The user terminal (400) may be a device registered to the server device (300) with the same account as the station device (200) or the wireless cleaner (100). The user terminal (400) may be, but is not limited to, a smart phone, a laptop computer, a tablet PC, a digital camera, an e-book terminal, a digital broadcasting terminal, a PDA (Personal Digital Assistants), a PMP (Portable Multimedia Player), a wearable device, a device including a display, etc. For the convenience of explanation, the following description will be made using an example in which the user terminal (400) is a smart phone.

According to one embodiment of the present disclosure, a user terminal (400) can communicate with at least one of a server device (300), a station device (200), and a wireless cleaner (100). The user terminal (400) may directly communicate with the station device (200) or the wireless cleaner (100) through short-range wireless communication, or may indirectly communicate with the station device (200) or the wireless cleaner (100) through the server device (300).

According to one embodiment of the present disclosure, the user terminal (400) can execute a specific application (e.g., a home appliance management application) provided by the server device (300) based on a user input. In this case, the user can check the status of the wireless cleaner (100) or the status of the station device (200) through the execution window of the application. For example, the user terminal (400) can provide information related to the operation of the ultraviolet irradiation unit (e.g., “UV LED in operation”) and information related to dust discharge of the station device (200) (e.g., “Last dustbin emptied - 1 minute ago”) through the execution window of the application, but is not limited thereto.

Meanwhile, the user terminal (400) may provide an icon related to dust discharge (e.g., “empty dustbin”), a GUI for setting a discharge mode (e.g., manual discharge mode, automatic discharge mode, smart discharge mode button), a GUI for setting a threshold reduction amount for a smart discharge mode, a GUI for setting a discharge intensity or discharge maintenance time, a GUI for setting a discharge timing condition, etc. In addition, the user terminal (400) may provide a GUI for setting a moisture detection sensitivity. The GUI for setting a moisture detection sensitivity will be described in more detail with reference to FIG. 22.
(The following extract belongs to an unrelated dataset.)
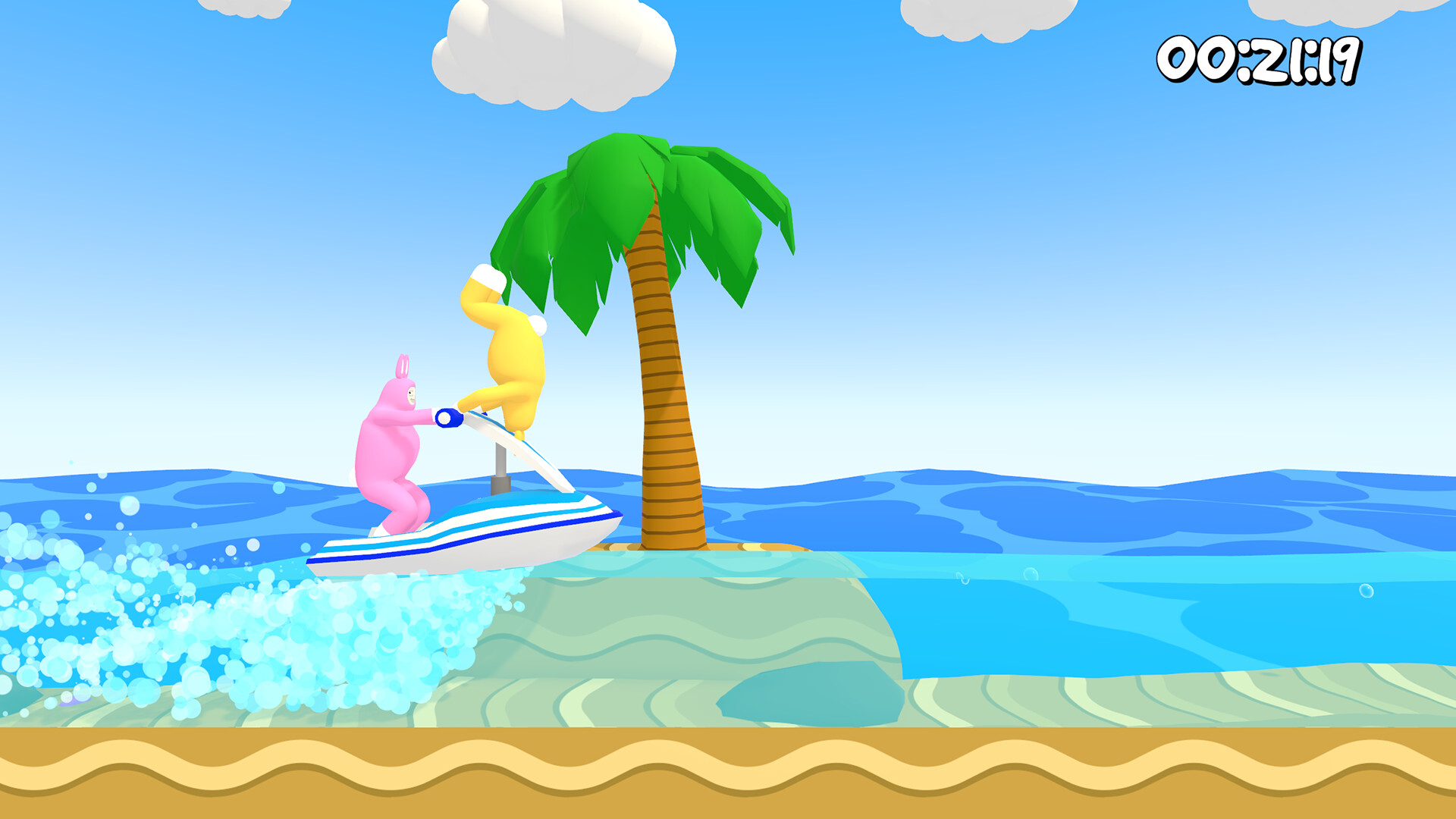 Super Bunny Man screenshot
FIG. 22 is a diagram showing an example of a GUI for setting moisture detection sensitivity according to one embodiment of the present disclosure.

Referring to FIG. 22, a user can set moisture detection sensitivity through a user terminal (400). For example, the user terminal (400) can display a first screen (2210) of a predetermined application (e.g., a home appliance management application). The first screen (2210) can include icons for setting moisture detection sensitivity. For example, the first screen (2210) can include a first icon (2211) for setting moisture detection sensitivity to high, a second icon (2212) for setting moisture detection sensitivity to medium, a third icon (2213) for setting moisture detection sensitivity to low, and a fourth icon (2214) for finely adjusting moisture detection sensitivity.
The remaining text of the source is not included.